NEW DELHI — After ravaging the media and film industry, the #MeToo campaign Oct. 12 hit the corporate world with Tata Motors placing one of its senior executives on leave following allegations of inappropriate behavior with employees, even as another female journalist, this time from the U.S., accused M.J. Akbar of sexual misconduct when he was editor of The Asian Age newspaper.

In another development, a female deputy superintendent of police in Jammu and Kashmir Oct. 12 came out with charges against one of her seniors, an additional director general who retired earlier this year, saying he demanded sexual favors. 

Tata Motors sent its corporate communications chief Suresh Rangarajan on leave. In a series of tweets, Tata Motors said the allegations against its executive were being investigated and appropriate action would be taken after the inquiry.

"In light of the inquiry by ICC (Internal Complaints Committee), Suresh Rangarajan has been asked to proceed on leave in order to allow for an objective inquiry to be completed as swiftly as possible," it said. 

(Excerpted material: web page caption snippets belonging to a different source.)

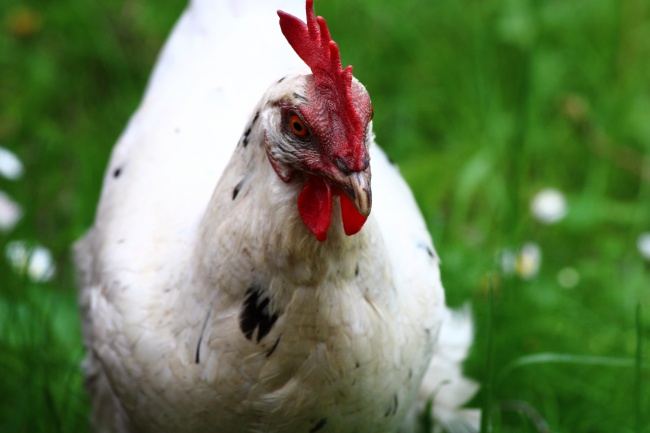 高人预言属狗2025，属狗人2025年全年度运势怎样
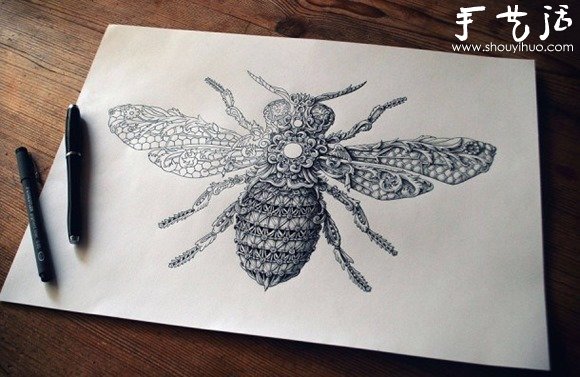 超细致的昆虫手绘作品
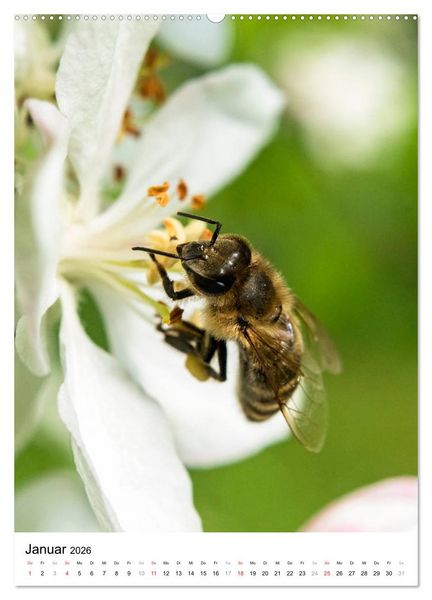 Produktbild: BIENEN - Kleine N&uuml;tzlinge ganz nah (hochwertiger Premium Wandkalender 2026 DIN A2 hoch), Kunstdruck in Hochglanz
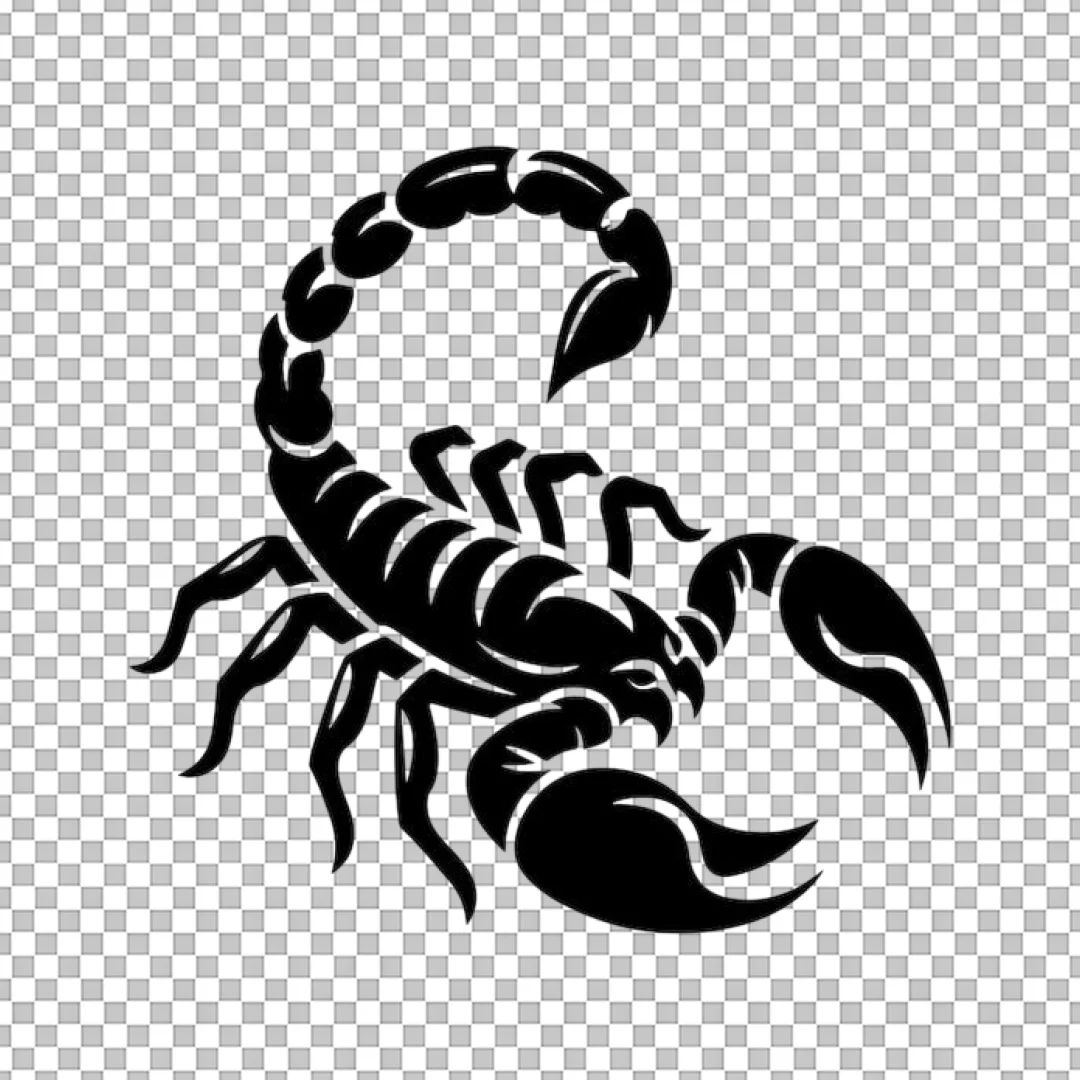 Black Scorpion Tribal Silhouette PNG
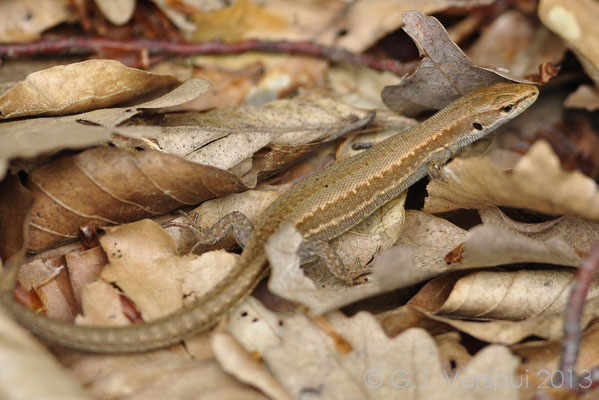 Meadow Lizard - Darevskia praticola 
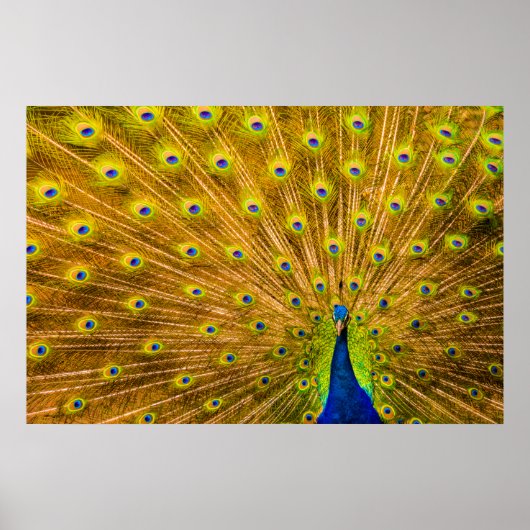 Peacock, Silver Falls, Kauai, Hawaii ポスター (正面)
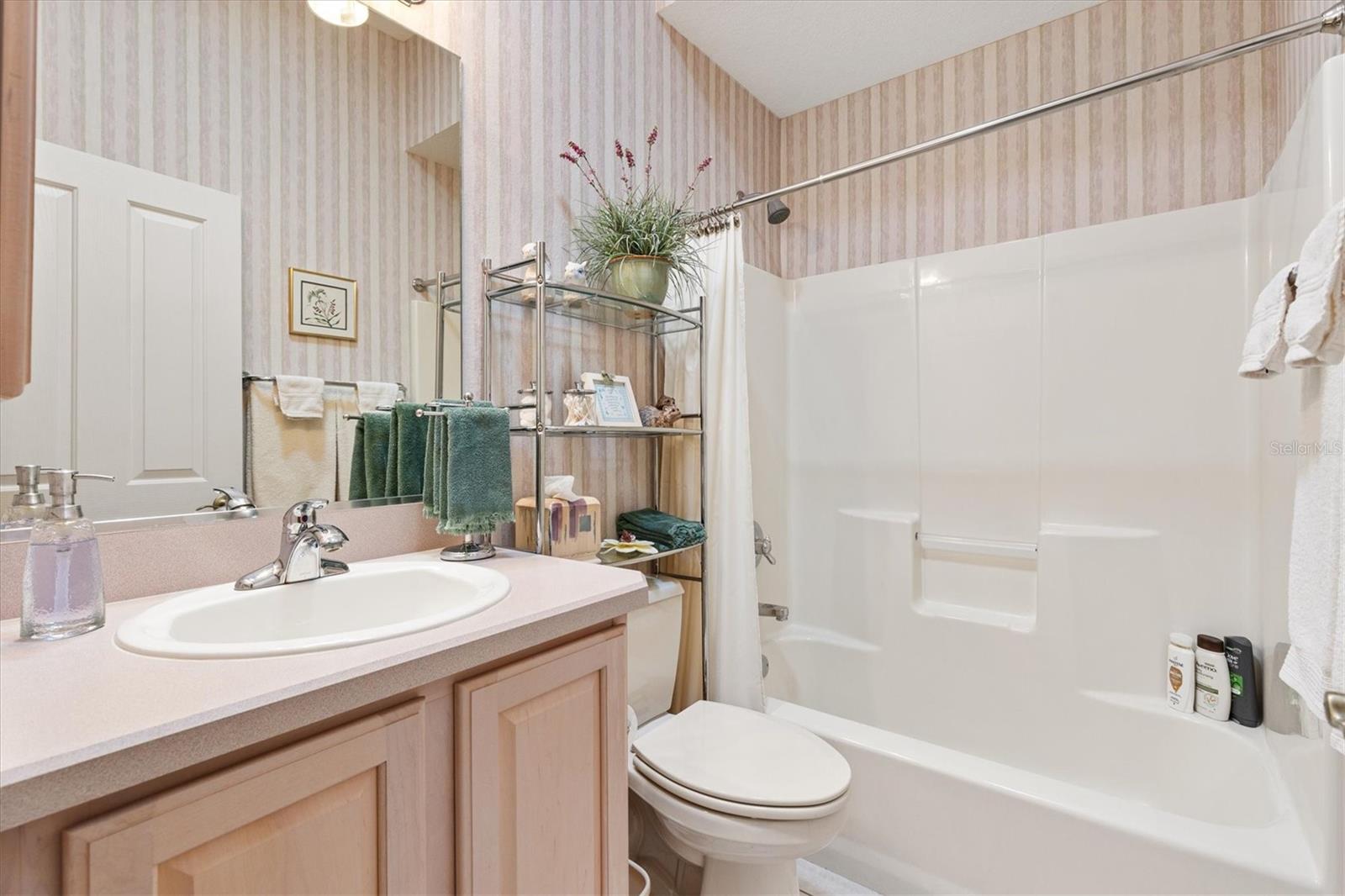 17648 SE 88TH COVINGTON CIR, THE VILLAGES, FL, 32162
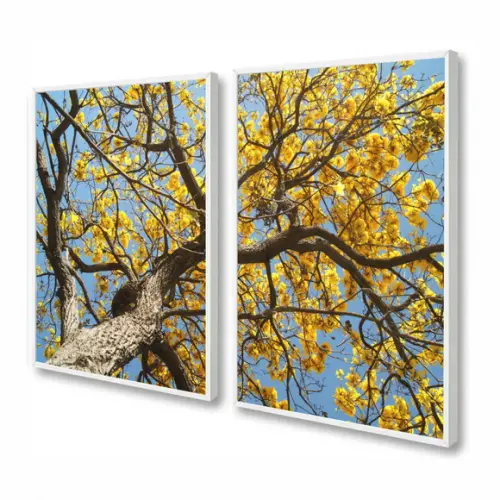 Kit 2 Quadros Decorativos Flores Amarelas Conjunto Moldura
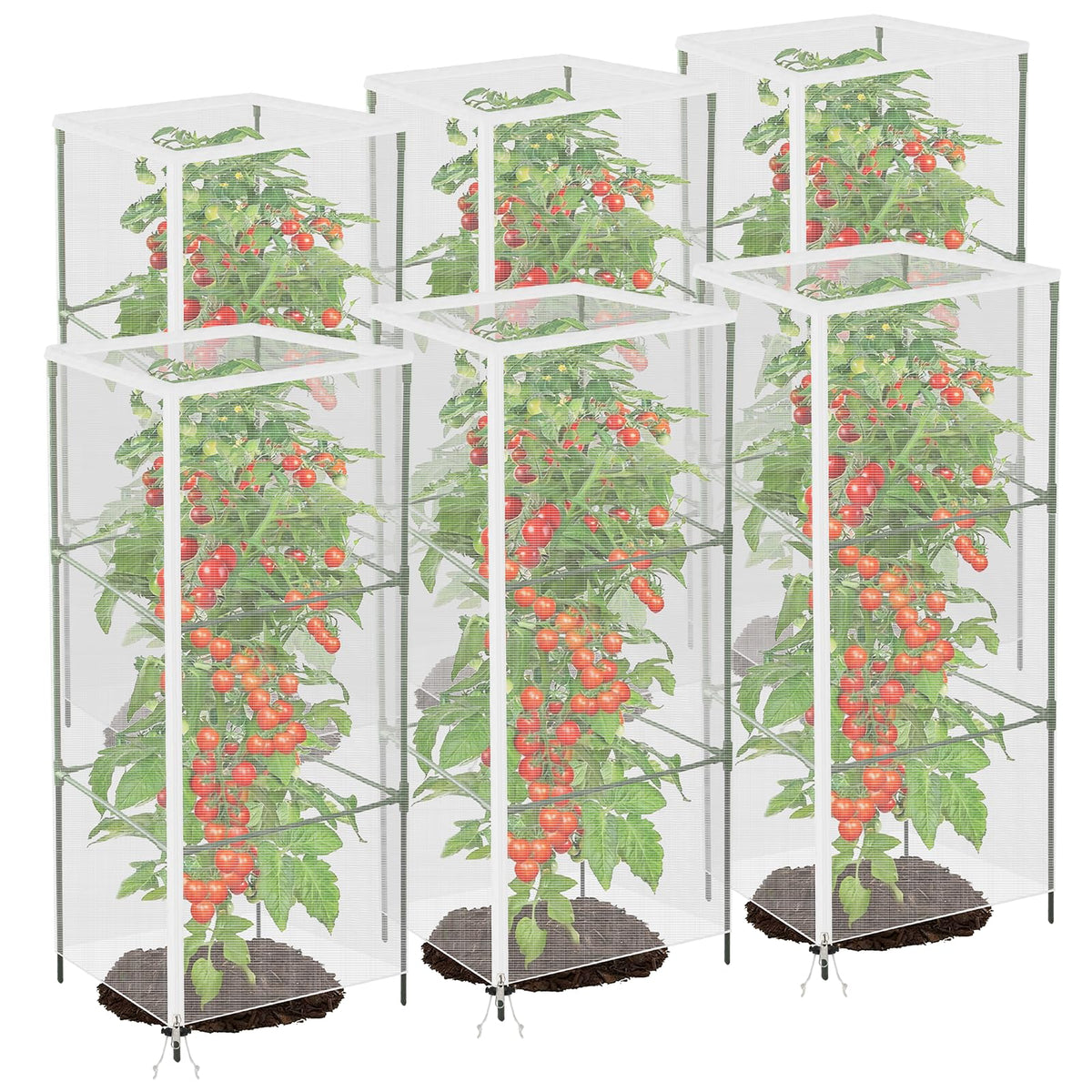 Puobao garden bird netting over a tomato cage protects plants while allowing sun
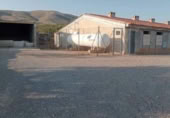 Granja en venta en la Camino de Villar del Arzobispo a Alcublas, Andilla, ref: TR378079 foto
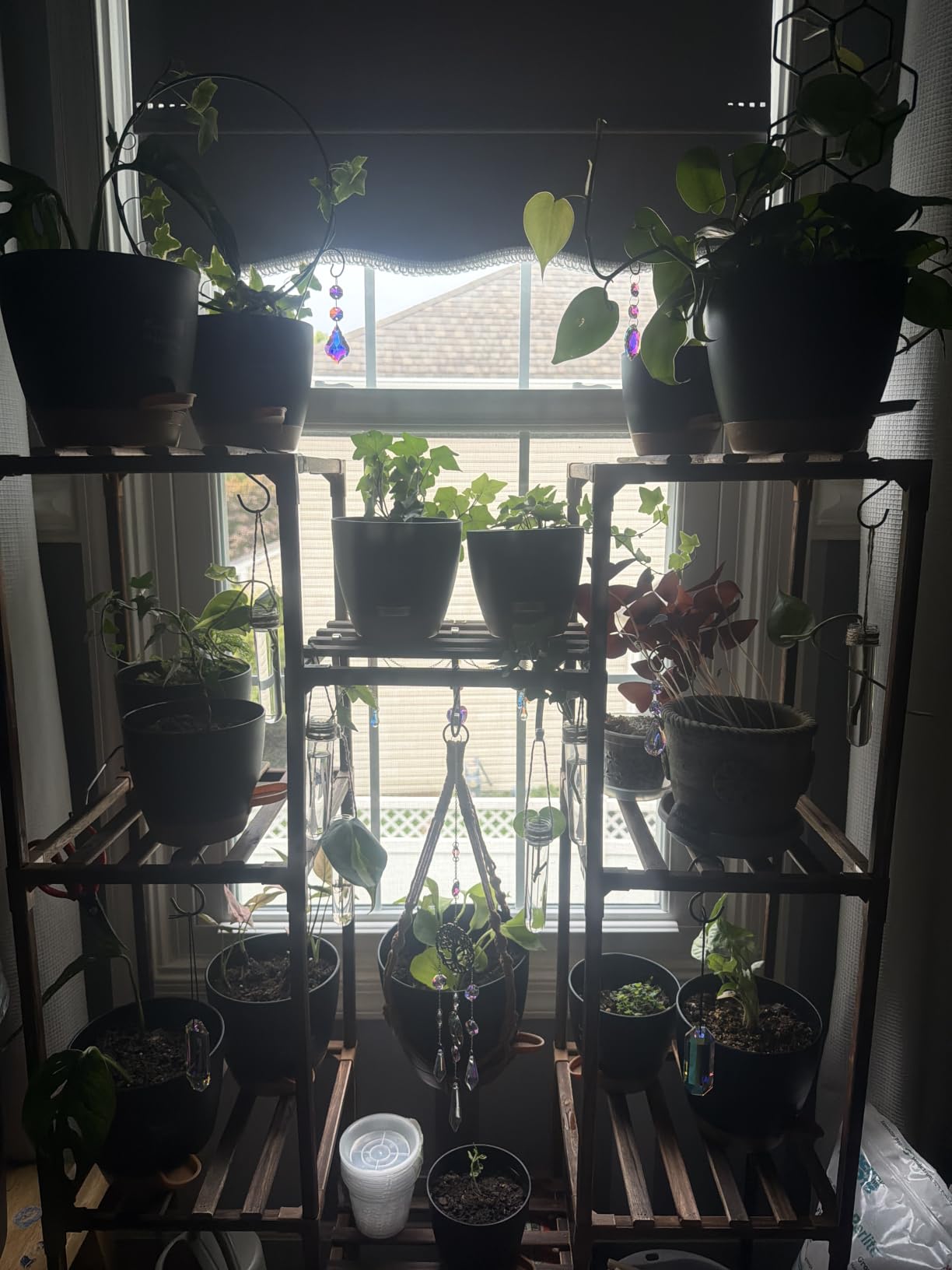 Uneedem Plant Stand Indoor Outdoor, Tall Plant Shelf for Multiple Plants, 10 tiers 11 Pot Large Plants Holder Rack Wood Plant Shelves for Room Corner Balcony Garden Patio customer photo 1
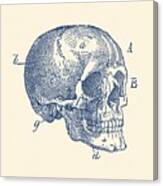 Skull Diagram - Vintage Anatomy Poster Canvas Print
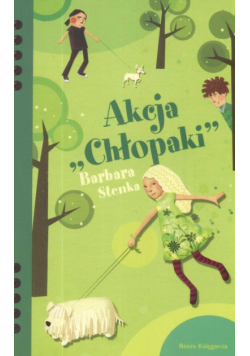 Akcja Chłopaki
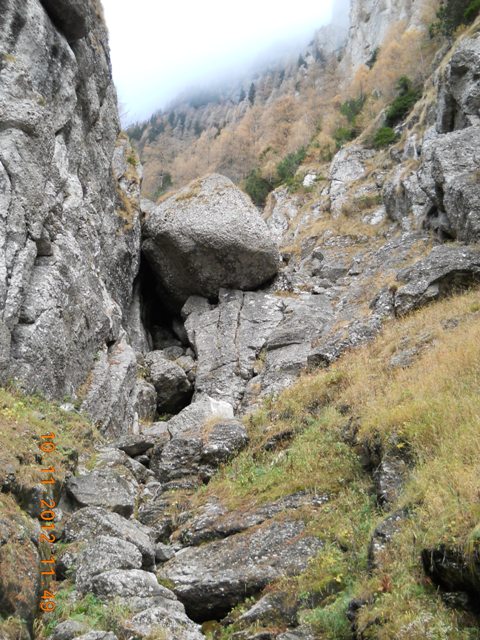 /zangur/dscn3541.jpg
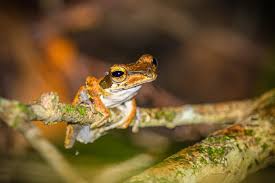Image result for Polystachya macropoda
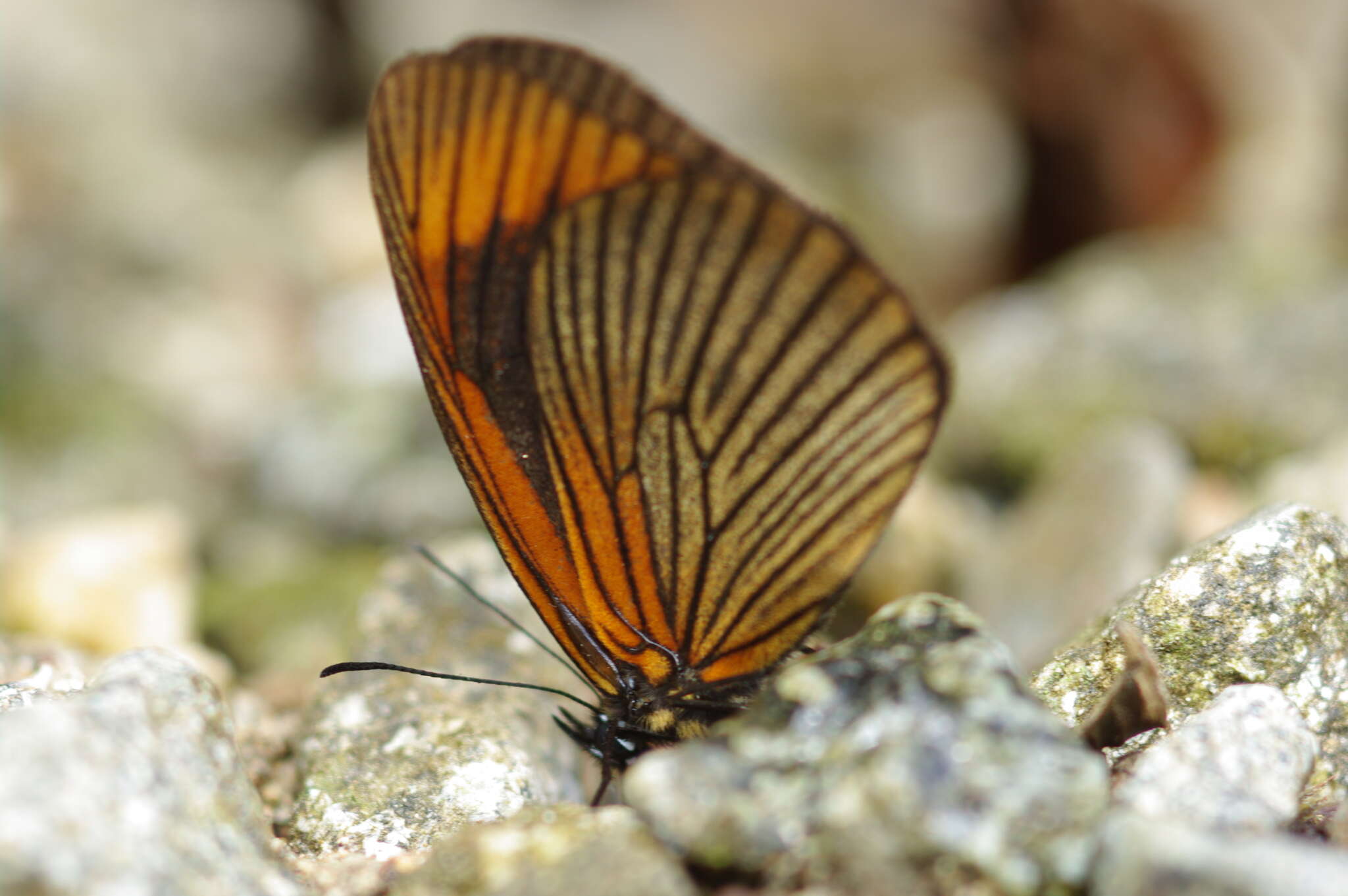 Image of Lymanopoda acraeida Butler 1868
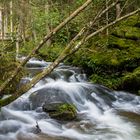 Graggerschlucht 1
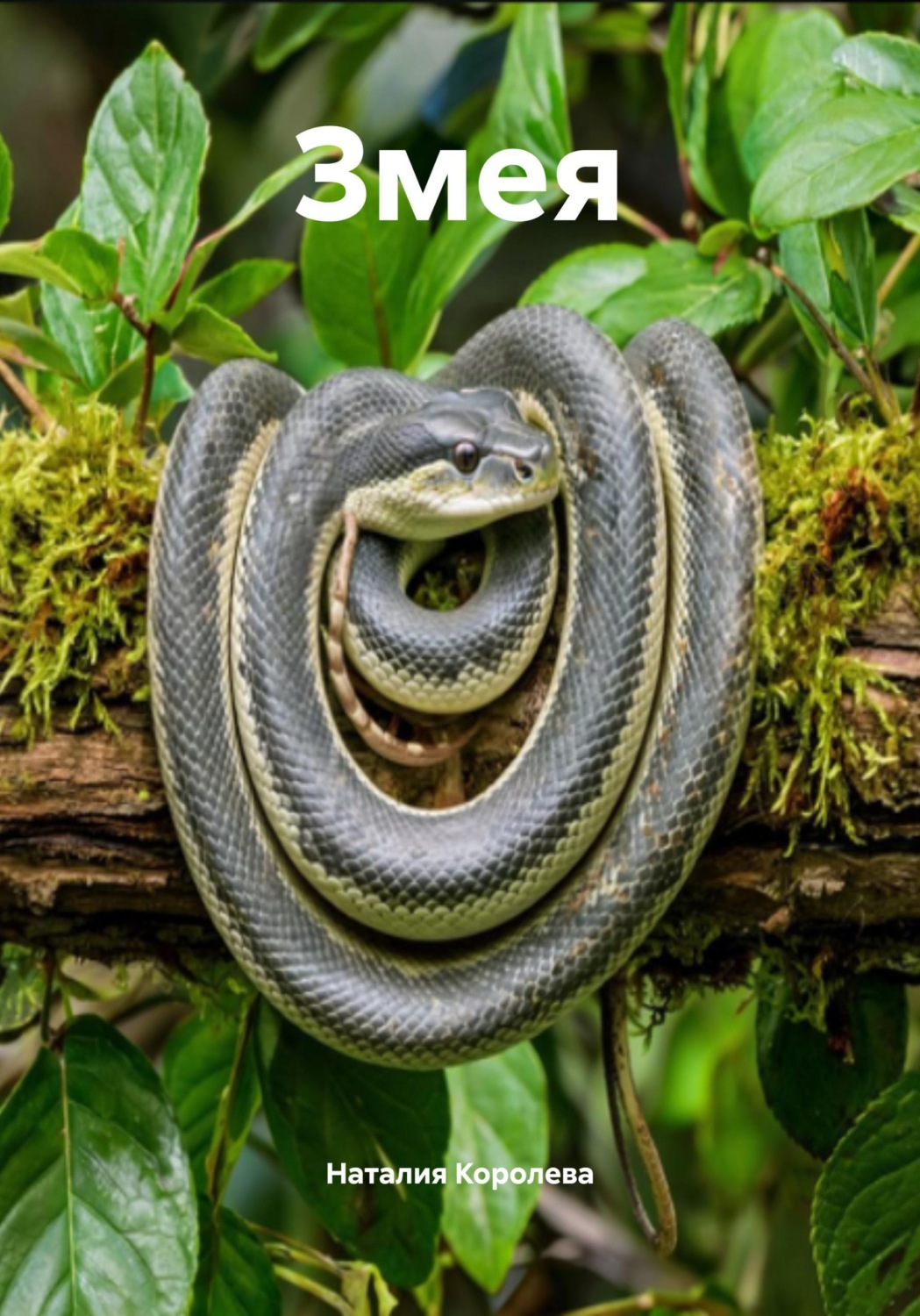 Обложка книги «Змея»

"At Tata Motors, we have always striven to ensure a respectful and safe workplace for everyone. Any allegations are investigated and appropriate action is taken immediately. This matter has already been taken up for investigation by the ICC. Any such behavior is against the Tata code of conduct," it said.

On Oct. 11, a journalist posted screenshots on her Twitter account of allegations against the Tata executive.

On Oct. 12, yet another woman journalist came out with her #MeToo story against Akbar, who is now minister of state for external affairs. 

Majlie de Puy Kamp, currently working with CNN, told online news portal HuffPost India that Akbar forcibly kissed her on the last day of her internship at The Asian Age office in 2007.

Akbar has already been accused of sexual assault by other women journalists when he was editor in various publications.

Also, Jammu and Kashmir DSP Shashi Thakur levelled allegations of sexual harassment at the hands of former Additional Director General of Police Alok Puri in 2015.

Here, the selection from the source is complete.